Conditions Precedent

The sale and purchase of the Property is conditional upon the fulfilment of all the following conditions precedent (“Conditions Precedent”) within six (6) months from the date of the SPA (“the Conditional Period”). If the Conditions Precedent are not fulfilled within the Conditional Period for whatever reasons, the Parties agree to an automatic extension of time for another three (3) months commencing from the expiry of the Conditional Period (“Extended Conditional Period”):

Conditions Precedent:

(a) the obtainment of the approval of the state authority for the transfer of the Property from the Vendor to the Purchaser and charge of the Property in favour of the Purchaser’s financier (where the Vendor shall assist the Purchaser in obtaining the same) and the delivery of the original said approval letters by the Vendor or the Vendor’s solicitors to the Purchaser’s solicitors;

(b) the execution of the:

(i) Deed of Mutual Termination by the Vendor, C.I. Holdings Berhad and the Purchaser for the termination of the Lease Agreement (as defined in the SPA) (“DMT 1”);

(ii) Deed of Mutual Termination by the Vendor and the Purchaser for the termination of the Second Supplemental Lease Agreement (as defined in the SPA) (“DMT 2”); and

(iii) Form 15C for the surrender of the Lease (as defined in the SPA) by the Vendor and C.I. Holdings Berhad in order to terminate the subsisting Lease Agreement where the subsisting Lease shall be terminated on the Completion Date; and

(c) the issuance by the Vendor of its original letter of confirmation to the Purchaser confirming the Vendor’s agreement on the waiver of the penalty payable in respect of the early termination of the Existing Sub-Lease (as defined in the SPA) pursuant to the Lease Agreement.

In the event the SPA is rescinded pursuant to the non-fulfilment of the Conditions Precedent:

(a) the Vendor’s solicitors shall release the Balance Deposit and the Interests to the Purchaser and the Vendor shall refund the Earnest Money to the Purchaser within fourteen (14) business days from the date of issuance of such written notice of rescission;

(b) either Party shall return, cancel or destroy or cause to be returned, cancelled or destroyed any documents and information that have been received from, delivered by and/or executed by the other Party under and pursuant to any provisions of the SPA as the other Party may direct; and

(c) the Purchaser shall remove any private caveat(s) lodged on the Property;

and thereafter, the SPA shall cease to have any effect and shall become null and void and neither of the Parties shall have any further claims against the other save and except for any antecedent breach.

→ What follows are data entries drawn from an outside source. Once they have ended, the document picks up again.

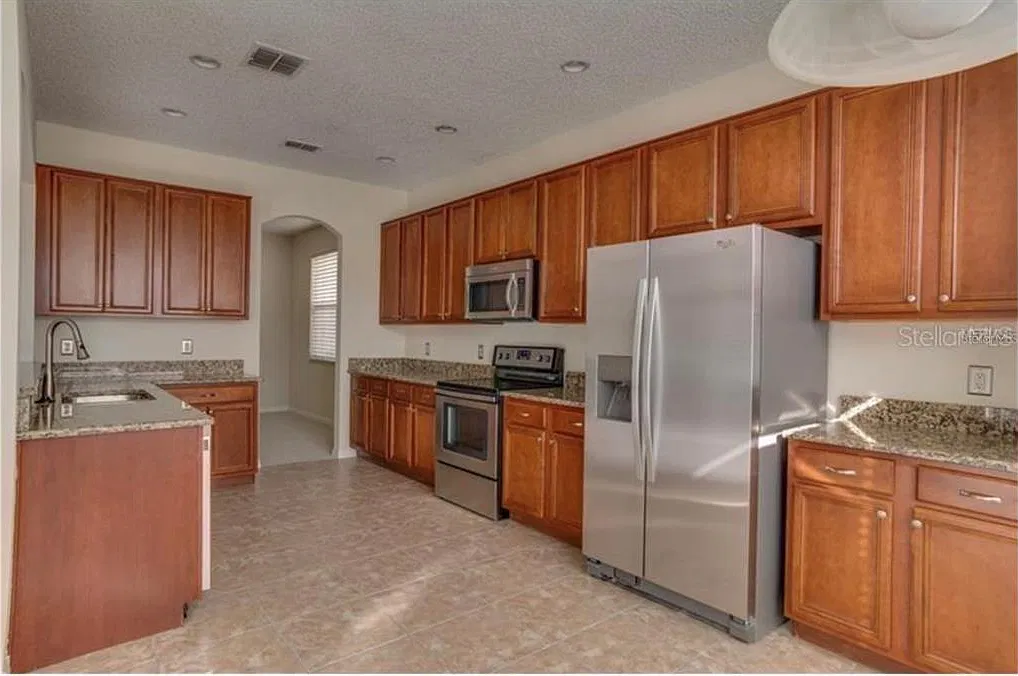 5 bed, 4.0 bath, 3677 sqft, $3,300 — Photo 3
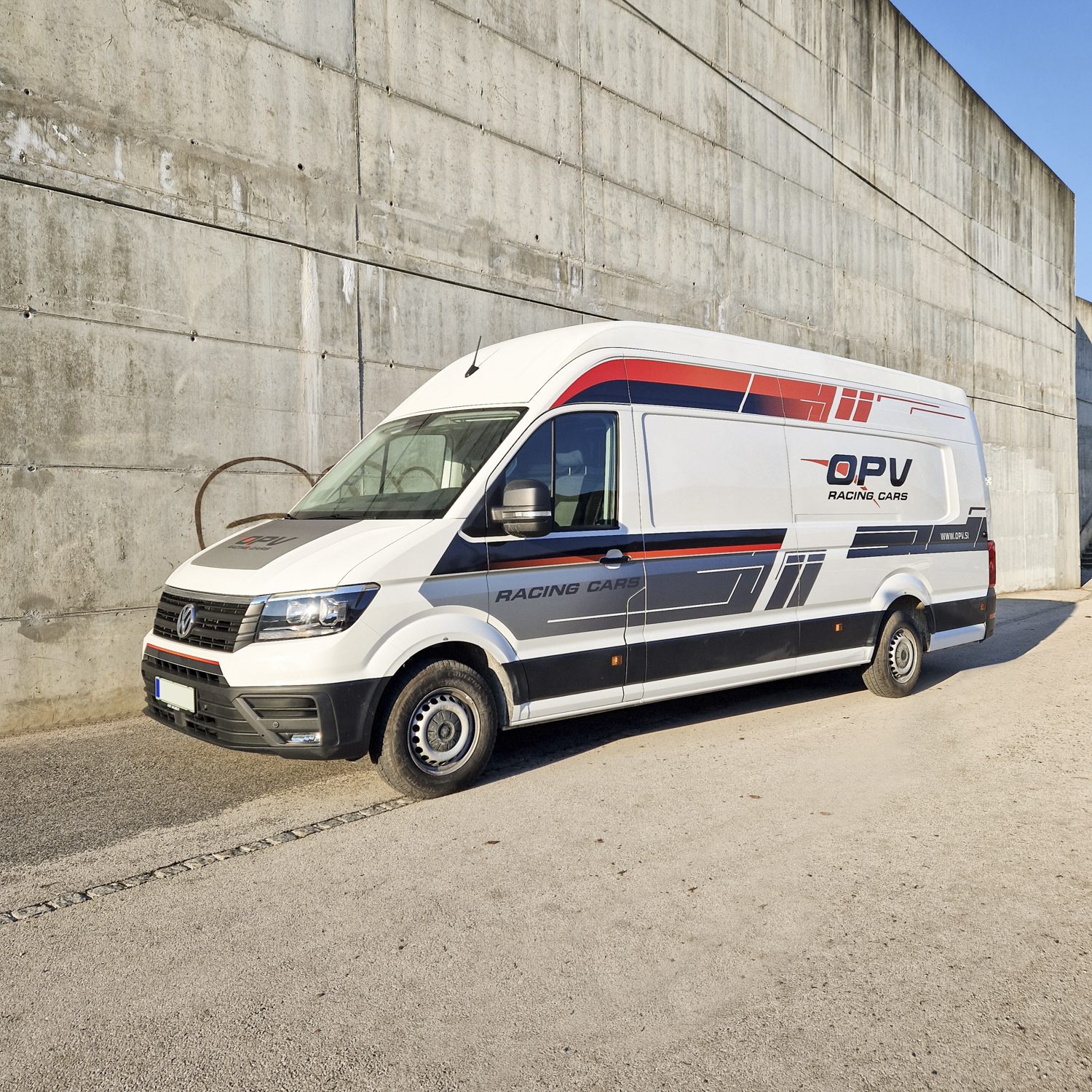 Polepitev dostavnega vozila Peugeot za OPV, izvedeno s strani Styxz.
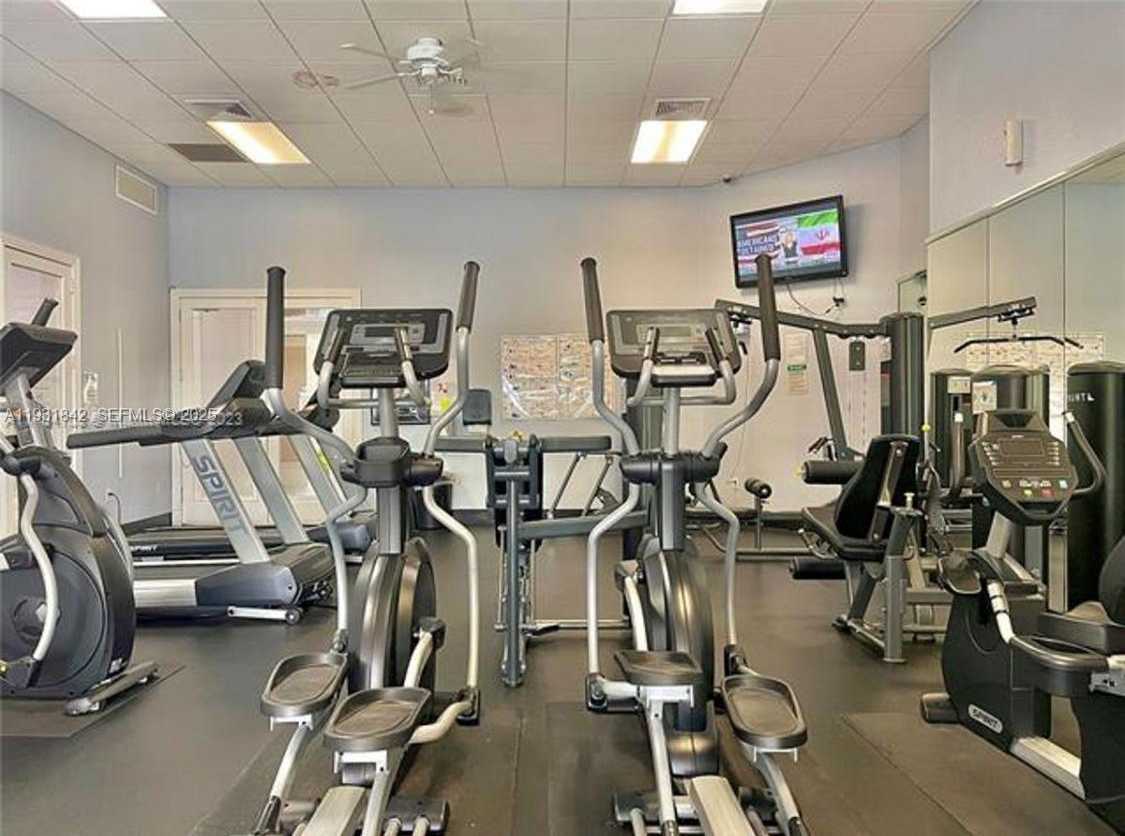 Small Image of 16972 SOUTH WEST 33RD CT #16972, Miramar Number 8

Upon rescission of the SPA, the Lease Agreement and the Second Supplemental Lease Agreement shall remain in full force and effect and the Parties will proceed to obtain the consent of the state authority for the transfer and novation of the Lease from C.I. Holdings Berhad to the Purchaser in accordance with the terms of the Lease Agreement.

Termination and Breach

Purchaser’s Default

The Vendor shall be entitled to terminate the SPA by notice in writing to the Purchaser or the Purchaser’s solicitors (hereinafter referred to as “the Vendor’s Notice of Termination”) if:

(a) the Purchaser defaults in the satisfaction of the Disposal Consideration in accordance with the provisions of the SPA; or

(b) the Purchaser commits a material or wilful breach and the Purchaser fails, neglects or refuses to remedy such breach within fourteen (14) days from the date of notice in writing of the alleged breach from the Vendor; or

(c) the Purchaser is wound up or have entered into any composition or arrangement with its creditors or make a general assignment for the benefit of its creditors; or

(d) the Memorandum of Transfer cannot be registered due to reasons caused by or attributable to any act, default or omission of the Purchaser.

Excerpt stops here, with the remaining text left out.